The CMA provisionally rejected the idea of forcing a break-up of the banks, saying a lack of switching was the underlying problem.
The watchdog has also provisionally decided not to bring an end to "free" if in credit current accounts.
Around three-quarters of current accounts are of this type.
In reality, consumers do pay for these accounts, through overdraft charges and foregone interest that they could have received elsewhere.
Andrew Tyrie, chairman of the Treasury Committee, said: "Free-in-credit banking is a con trick and it is disappointing that the CMA have decided that it should be allowed to continue.
"It seems reasonable that millions of customers should be allowed to know how much they are being charged for having a bank account."
According to figures in the CMA's report, Britain's biggest four banks - Lloyds Banking Group, HSBC, RBS and Barclays - accounted for around 70% of active personal current accounts and 80% of active business current accounts in 2014.
Personal current accounts generated revenues of around £8.7 billion in 2014 across the industry, while business current accounts generated around £2.7 billion in revenues.

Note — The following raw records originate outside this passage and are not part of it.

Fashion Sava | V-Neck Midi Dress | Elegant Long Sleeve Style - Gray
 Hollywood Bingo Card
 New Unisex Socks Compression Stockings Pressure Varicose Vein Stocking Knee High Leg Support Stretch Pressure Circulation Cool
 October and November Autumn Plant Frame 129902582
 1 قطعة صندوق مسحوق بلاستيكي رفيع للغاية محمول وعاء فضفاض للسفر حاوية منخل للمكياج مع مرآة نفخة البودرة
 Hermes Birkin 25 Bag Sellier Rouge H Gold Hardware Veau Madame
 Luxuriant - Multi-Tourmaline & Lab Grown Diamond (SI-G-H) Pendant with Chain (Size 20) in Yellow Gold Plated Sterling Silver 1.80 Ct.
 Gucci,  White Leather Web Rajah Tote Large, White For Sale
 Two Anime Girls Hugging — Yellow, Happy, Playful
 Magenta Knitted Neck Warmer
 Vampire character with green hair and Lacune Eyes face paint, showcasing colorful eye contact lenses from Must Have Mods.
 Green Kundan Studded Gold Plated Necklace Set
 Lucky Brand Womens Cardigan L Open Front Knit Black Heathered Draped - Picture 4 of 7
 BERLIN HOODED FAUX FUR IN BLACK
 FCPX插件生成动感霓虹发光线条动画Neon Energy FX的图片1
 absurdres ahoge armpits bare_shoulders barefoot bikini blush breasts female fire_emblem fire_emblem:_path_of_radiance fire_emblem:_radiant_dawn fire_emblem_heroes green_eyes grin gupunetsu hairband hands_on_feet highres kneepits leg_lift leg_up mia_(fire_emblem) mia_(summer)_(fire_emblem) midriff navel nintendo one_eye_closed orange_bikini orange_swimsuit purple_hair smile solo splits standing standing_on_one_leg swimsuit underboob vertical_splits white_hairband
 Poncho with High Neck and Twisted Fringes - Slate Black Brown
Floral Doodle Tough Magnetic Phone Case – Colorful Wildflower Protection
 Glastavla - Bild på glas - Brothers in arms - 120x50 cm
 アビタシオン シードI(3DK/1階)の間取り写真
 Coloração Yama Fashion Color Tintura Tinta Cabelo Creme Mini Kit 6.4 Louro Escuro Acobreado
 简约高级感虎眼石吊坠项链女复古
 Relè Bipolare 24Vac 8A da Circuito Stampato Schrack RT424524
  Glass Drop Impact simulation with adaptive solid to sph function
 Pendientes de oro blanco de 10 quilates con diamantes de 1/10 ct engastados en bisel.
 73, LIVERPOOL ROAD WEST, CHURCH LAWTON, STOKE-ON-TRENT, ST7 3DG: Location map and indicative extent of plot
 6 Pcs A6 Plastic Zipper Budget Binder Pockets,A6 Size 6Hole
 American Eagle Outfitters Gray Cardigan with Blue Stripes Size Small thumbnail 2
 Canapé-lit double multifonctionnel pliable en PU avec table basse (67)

Which? executive director, Richard Lloyd, said: "These proposals don't go far enough.
"The CMA's own evidence is that consumers are disengaged from the banking market, so better information and nudges to switch will not be enough."
Nick Kennett, director of financial services for Post Office Money, said the report was "disappointing and misses the opportunity of making significant change to the current account market".
Looking at barriers to switching, the CMA's investigation found that overdraft charges were "complex" and information on product service and quality was limited, making it hard for customers to compare deals.
More than half (57%) of consumers had been with their account provider for more than 10 years and 37% for more than 20 years.
Meanwhile, 55% of customers considered switching to be a "hassle".
The CMA's report said: "We saw some evidence that banks with larger (personal current account) market shares have higher average prices and/or lower quality."
A current account switching service was introduced in 2013 to make it easier for current account holders to change providers.
The CMA said awareness of this service was low.
It has proposed that banks should be required to help raise awareness of the scheme, through increasing their funding of a widespread advertising campaign.
The CMA also said there was a particular problem with SME (small and medium enterprise) customers opening their business current accounts (BCA) at the same bank where they had their personal current account, then sticking with the same bank for their business loans.
It said the lack of competitive pressure in SME banking was highlighted by the fact that more than 50% of start-ups looking for an SME account chose the bank with which they had a personal current account, over 90% stayed with their BCA when the initial free banking period came to an end, and around 90% then went to their BCA provider when they were looking for business loans.
Alasdair Smith, chairman of the retail banking investigation, said: "For too long banks have been able to sit back and take their existing customers for granted.
"We don't think that customers will truly benefit from a more competitive marketplace until they can compare accounts more easily and feel confident that they can switch without risk, and that is why our provisional remedies are aimed at giving customers control."
Chancellor George Osborne described the report as "an excellent report which points to what more we can do to give people real choices about who they bank with and the deal they get when they do their banking".